Pick out all lines with the word "truck" from the records that follow.

○ ○ ○

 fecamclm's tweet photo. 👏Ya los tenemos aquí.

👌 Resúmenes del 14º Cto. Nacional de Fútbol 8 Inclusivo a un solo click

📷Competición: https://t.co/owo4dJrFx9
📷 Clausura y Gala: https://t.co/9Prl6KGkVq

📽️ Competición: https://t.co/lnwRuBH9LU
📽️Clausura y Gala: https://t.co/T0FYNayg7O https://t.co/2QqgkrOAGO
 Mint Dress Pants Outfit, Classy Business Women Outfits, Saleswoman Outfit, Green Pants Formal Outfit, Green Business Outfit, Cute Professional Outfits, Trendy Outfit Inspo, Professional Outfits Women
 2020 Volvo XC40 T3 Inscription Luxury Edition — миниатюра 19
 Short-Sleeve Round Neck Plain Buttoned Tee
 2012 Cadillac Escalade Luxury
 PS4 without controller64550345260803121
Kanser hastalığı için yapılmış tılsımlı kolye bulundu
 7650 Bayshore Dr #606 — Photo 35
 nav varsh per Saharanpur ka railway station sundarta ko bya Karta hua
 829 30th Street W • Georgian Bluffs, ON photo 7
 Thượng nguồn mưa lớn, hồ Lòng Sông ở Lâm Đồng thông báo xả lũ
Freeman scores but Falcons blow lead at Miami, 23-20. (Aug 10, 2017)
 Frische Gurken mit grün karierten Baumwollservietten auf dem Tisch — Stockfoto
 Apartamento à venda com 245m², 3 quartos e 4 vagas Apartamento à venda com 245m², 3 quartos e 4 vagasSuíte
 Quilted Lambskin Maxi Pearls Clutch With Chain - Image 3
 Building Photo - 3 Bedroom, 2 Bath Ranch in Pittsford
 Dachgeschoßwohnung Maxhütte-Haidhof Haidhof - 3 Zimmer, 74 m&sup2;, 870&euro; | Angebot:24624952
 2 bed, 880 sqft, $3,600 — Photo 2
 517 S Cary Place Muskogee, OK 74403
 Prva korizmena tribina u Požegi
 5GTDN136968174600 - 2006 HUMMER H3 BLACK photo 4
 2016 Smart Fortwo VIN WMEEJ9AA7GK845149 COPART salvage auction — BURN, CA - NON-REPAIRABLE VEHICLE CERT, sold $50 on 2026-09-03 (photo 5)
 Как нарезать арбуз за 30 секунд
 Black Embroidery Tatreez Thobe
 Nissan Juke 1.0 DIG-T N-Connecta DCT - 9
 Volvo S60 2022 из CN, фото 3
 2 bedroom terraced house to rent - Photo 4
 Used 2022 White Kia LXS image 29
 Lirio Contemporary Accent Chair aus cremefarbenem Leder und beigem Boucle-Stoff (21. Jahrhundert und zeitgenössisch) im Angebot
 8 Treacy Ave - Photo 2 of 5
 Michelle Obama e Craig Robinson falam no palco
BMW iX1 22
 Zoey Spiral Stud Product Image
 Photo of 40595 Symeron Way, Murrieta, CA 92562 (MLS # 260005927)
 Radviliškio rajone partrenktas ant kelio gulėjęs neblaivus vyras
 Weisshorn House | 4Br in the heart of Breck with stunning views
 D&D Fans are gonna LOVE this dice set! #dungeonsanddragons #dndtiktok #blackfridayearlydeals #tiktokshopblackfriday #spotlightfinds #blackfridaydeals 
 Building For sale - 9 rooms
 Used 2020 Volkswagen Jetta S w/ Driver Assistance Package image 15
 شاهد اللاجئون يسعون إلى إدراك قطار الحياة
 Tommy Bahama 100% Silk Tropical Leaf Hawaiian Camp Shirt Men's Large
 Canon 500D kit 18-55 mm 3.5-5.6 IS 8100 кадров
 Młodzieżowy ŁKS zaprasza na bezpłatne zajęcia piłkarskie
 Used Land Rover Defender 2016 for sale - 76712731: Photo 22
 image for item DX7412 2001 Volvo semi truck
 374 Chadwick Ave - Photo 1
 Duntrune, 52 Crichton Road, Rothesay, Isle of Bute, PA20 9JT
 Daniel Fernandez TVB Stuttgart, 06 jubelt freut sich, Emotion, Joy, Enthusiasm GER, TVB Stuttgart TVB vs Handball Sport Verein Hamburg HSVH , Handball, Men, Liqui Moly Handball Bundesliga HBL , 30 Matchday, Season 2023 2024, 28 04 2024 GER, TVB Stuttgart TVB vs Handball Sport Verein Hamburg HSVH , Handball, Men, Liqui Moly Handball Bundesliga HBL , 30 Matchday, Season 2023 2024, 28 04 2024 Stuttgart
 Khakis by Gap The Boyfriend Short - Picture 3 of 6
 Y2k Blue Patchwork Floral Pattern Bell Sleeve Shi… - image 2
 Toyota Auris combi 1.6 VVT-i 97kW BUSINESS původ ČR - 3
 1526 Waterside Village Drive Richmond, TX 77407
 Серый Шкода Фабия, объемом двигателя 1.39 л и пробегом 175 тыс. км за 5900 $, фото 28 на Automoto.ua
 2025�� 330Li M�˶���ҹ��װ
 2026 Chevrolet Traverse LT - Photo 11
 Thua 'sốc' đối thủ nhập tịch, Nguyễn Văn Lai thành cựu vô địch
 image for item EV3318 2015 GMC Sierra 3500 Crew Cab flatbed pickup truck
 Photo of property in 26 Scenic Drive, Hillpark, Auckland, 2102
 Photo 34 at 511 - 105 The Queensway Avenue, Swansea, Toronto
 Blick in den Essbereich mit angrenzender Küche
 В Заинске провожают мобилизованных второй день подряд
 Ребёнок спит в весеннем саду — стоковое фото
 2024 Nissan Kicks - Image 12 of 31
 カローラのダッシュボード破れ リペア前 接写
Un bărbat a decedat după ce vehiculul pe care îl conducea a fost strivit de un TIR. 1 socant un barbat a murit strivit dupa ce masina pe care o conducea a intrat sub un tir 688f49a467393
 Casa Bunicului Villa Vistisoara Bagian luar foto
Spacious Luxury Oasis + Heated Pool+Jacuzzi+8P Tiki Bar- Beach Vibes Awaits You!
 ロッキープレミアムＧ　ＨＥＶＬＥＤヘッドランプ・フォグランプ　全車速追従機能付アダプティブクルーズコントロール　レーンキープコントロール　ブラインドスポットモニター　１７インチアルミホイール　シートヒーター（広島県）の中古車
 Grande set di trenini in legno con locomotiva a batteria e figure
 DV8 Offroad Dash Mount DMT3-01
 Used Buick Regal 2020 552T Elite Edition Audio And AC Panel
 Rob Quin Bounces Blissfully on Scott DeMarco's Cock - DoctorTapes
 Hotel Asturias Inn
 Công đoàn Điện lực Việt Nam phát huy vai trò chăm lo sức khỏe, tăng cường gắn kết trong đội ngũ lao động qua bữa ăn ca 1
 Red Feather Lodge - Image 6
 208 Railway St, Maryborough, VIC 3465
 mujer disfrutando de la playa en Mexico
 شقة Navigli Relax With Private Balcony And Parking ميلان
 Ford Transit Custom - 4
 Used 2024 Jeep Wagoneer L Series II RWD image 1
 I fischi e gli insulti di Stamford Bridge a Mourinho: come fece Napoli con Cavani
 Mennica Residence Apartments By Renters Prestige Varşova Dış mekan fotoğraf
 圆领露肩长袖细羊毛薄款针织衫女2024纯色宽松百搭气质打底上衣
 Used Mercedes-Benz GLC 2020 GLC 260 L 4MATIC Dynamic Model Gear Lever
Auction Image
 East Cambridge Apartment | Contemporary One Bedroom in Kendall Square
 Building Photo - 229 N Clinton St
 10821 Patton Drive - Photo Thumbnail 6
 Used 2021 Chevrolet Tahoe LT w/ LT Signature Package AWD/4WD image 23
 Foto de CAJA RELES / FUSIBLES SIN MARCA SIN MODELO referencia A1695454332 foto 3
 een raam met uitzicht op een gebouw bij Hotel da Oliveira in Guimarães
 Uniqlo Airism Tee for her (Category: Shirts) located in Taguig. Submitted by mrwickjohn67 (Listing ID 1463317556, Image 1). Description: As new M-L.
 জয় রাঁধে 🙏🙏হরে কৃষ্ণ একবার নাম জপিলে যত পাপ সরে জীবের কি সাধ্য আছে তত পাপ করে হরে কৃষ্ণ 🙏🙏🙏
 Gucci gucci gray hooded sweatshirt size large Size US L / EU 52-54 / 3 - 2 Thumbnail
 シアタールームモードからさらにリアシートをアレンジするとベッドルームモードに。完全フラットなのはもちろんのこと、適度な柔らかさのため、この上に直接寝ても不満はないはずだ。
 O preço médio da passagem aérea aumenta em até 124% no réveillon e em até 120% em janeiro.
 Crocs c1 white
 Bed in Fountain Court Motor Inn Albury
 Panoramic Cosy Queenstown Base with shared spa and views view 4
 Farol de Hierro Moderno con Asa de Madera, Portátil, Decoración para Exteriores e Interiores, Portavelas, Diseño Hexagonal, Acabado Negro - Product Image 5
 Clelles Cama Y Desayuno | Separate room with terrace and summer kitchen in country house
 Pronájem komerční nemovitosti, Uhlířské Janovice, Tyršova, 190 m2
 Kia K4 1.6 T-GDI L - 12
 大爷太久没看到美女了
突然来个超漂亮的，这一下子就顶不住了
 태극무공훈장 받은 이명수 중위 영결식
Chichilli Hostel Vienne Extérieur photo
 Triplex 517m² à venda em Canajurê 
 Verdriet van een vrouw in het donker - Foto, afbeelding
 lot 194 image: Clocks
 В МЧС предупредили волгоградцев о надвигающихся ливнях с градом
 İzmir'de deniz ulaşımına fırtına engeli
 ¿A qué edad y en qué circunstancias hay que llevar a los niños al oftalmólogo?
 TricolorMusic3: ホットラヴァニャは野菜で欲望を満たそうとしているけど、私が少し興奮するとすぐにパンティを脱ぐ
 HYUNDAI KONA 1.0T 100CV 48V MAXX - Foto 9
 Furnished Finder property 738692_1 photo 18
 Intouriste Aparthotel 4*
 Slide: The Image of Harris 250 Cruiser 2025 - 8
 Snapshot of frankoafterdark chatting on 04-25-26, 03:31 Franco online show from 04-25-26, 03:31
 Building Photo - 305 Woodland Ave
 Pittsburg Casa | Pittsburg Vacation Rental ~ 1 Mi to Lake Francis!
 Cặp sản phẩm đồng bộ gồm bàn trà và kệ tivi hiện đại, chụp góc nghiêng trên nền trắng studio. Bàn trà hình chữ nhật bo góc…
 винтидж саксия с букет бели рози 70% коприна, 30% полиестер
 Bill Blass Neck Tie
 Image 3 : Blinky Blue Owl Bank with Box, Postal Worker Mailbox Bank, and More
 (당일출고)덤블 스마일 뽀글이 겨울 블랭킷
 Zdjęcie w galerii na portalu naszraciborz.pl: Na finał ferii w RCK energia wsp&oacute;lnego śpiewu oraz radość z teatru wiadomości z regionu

○ ○ ○

TASK SOLUTION —
 image for item DX7412 2001 Volvo semi truck
 image for item EV3318 2015 GMC Sierra 3500 Crew Cab flatbed pickup truck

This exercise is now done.